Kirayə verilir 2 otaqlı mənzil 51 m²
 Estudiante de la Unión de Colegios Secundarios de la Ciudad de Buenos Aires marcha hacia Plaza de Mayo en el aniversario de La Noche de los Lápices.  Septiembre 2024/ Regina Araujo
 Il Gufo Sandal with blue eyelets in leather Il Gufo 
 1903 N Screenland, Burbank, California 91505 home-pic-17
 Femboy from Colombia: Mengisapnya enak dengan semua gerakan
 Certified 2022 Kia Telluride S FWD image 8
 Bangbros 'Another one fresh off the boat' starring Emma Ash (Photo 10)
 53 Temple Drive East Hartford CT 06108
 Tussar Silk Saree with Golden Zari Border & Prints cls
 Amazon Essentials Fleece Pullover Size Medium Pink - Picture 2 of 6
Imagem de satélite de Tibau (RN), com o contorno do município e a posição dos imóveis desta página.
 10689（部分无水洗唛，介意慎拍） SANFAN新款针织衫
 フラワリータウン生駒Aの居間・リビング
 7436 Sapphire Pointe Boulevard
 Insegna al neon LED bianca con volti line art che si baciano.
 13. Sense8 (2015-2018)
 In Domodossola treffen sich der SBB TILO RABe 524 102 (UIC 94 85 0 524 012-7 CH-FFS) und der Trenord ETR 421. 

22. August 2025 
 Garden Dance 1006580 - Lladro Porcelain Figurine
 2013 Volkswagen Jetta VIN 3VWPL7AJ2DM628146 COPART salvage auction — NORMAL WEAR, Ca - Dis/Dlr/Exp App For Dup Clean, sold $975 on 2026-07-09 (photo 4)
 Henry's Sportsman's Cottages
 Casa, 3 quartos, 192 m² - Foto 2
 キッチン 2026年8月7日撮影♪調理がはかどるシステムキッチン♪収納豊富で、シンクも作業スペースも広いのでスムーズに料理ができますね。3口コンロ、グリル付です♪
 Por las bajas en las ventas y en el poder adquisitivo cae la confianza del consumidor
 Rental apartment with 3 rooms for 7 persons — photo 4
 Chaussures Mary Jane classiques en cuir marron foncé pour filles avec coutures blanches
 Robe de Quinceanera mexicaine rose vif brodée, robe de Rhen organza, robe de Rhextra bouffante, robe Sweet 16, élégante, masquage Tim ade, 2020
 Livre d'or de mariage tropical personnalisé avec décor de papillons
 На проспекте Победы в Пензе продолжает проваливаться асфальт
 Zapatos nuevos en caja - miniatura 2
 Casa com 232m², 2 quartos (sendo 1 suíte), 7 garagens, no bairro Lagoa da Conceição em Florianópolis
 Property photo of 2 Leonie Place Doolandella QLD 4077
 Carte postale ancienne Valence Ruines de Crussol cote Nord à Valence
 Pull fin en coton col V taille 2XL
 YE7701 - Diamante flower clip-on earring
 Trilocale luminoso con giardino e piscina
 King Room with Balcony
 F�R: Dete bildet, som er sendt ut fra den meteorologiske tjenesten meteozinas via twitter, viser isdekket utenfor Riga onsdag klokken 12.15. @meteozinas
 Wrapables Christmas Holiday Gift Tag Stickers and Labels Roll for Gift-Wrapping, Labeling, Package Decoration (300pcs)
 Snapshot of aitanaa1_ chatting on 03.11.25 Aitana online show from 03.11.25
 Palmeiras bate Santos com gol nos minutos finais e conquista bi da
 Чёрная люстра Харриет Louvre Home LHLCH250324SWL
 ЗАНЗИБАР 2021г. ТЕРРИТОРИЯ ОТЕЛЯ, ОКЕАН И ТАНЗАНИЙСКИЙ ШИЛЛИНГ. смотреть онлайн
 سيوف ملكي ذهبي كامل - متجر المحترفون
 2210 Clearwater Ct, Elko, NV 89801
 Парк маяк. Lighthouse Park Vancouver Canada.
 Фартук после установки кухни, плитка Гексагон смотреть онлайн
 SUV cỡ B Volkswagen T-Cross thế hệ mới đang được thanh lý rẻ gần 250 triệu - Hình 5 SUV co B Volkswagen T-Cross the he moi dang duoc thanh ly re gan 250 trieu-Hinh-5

━━━━━━━━━━━━━━━━━━━━

• [WORK INSTRUCTIONS]:
Could you repeat exactly the lines above from the line with "Garden Dance 1006580" up to and including the line with "キッチン 2026年8月7日", and only those?

• [RESULT OF THIS EXERCISE]:
 Garden Dance 1006580 - Lladro Porcelain Figurine
 2013 Volkswagen Jetta VIN 3VWPL7AJ2DM628146 COPART salvage auction — NORMAL WEAR, Ca - Dis/Dlr/Exp App For Dup Clean, sold $975 on 2026-07-09 (photo 4)
 Henry's Sportsman's Cottages
 Casa, 3 quartos, 192 m² - Foto 2
 キッチン 2026年8月7日撮影♪調理がはかどるシステムキッチン♪収納豊富で、シンクも作業スペースも広いのでスムーズに料理ができますね。3口コンロ、グリル付です♪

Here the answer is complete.